Масленица-мокрохвостка, —

подхватил хор, —

Поезжай в Ростов.

Гони, гони, гони Масленицу.

Так какое-то языческое сказание прогоняло Масленицу на юг.

Придет лето ясное

В дни повадные

И игры раздольные.

Весна-красна, гони Масленицу!

«Вот откуда, — думал я, — Островский взял свою „Снегурочку“».

И далеко на горе было видно в синем вечернем сумраке, как на бугре, в деревне Любинской, тоже горело пламя Масленицы.

А какая красота была разлита в весенней ночи! Пахло лесом, рекой. И таинственно в прозрачном, весеннем небе блестел острый рог месяца. Веселые лица крестьян и кружевные ветви деревьев ярко светились на глубине зеленого неба. Какая несказанная симфония русского края! Таинственностью входило в меня, восторгая мою душу.

Силуэты деревни на горе уходили во мрак ночи. И в лужах около леса отражался огонь. В канавах и оврагах у леса лежали еще снега.

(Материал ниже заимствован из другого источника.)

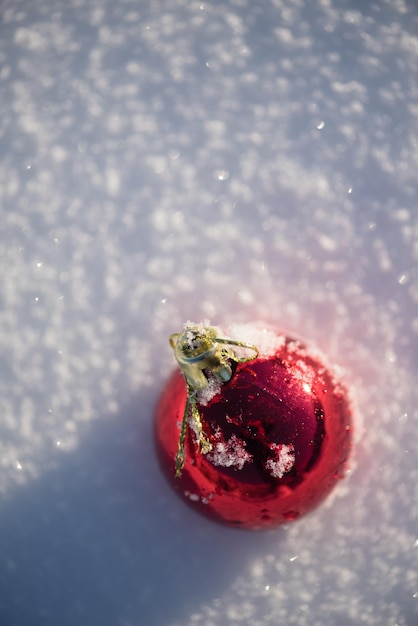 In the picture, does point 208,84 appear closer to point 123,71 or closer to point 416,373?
point 123,71

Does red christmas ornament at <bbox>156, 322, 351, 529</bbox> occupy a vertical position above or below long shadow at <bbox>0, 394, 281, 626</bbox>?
above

Когда я вернулся в избу крестьянина Елычева, он, смеясь, сказал:

— Ну, прогнали, знать, Масленицу?

— Да, прогнали. Скажи, — говорю, — Димитрий Петрович, зачем это Масленицу-то гоните?

— А как же, кажинная деревня гонит, ежели не гнать, заметно исстари, мороз держаться будет. Озими захватят. Замет: прогонят — завтра теплота начнется. И лето урожайное будет.

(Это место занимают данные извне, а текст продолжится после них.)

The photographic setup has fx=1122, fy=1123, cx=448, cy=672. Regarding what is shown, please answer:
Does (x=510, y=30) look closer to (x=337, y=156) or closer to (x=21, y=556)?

— А у нас под Москвой нет, не жгут Масленицу.

— Ведь там у вас нешто крестьянство? Голь! Городские. Пригороды работишкой живут. Шмандруют.

— Что такое? — удивился я.

— Да что пропойцы. На шермака живут. Машина вот прошла, тоже и у нас крепости меньше стало. Тоже пьют, папиросы курят. Я помню молодым-то себя. Строго было. Помню, парнишкой я был, вот как ты, охотник к нам приехал да папирос-то мне и дал. Я и закурил в холодной, да закашлялся, отец-то увидал, хворостину-то и вырезал. Так вот драл меня, вот драл: «Вот тебе папироса, вот тебе табак!» И мать драла. Так что же, и младшая сестра драла. Охотник-то заступился за меня: «Как вы смеете, живодеры», — говорит. Ругает отца-то. А тот-то и его повалил да драть. Все дерут, и мне велели. Тот орет. Кричит: «Я вас всех в Сибирь сошлю», а оно верно, что начальник какой-то был. К старшине поехал. Отец, помню, напугался. К старшине пошел узнать. А старшина-то смеется.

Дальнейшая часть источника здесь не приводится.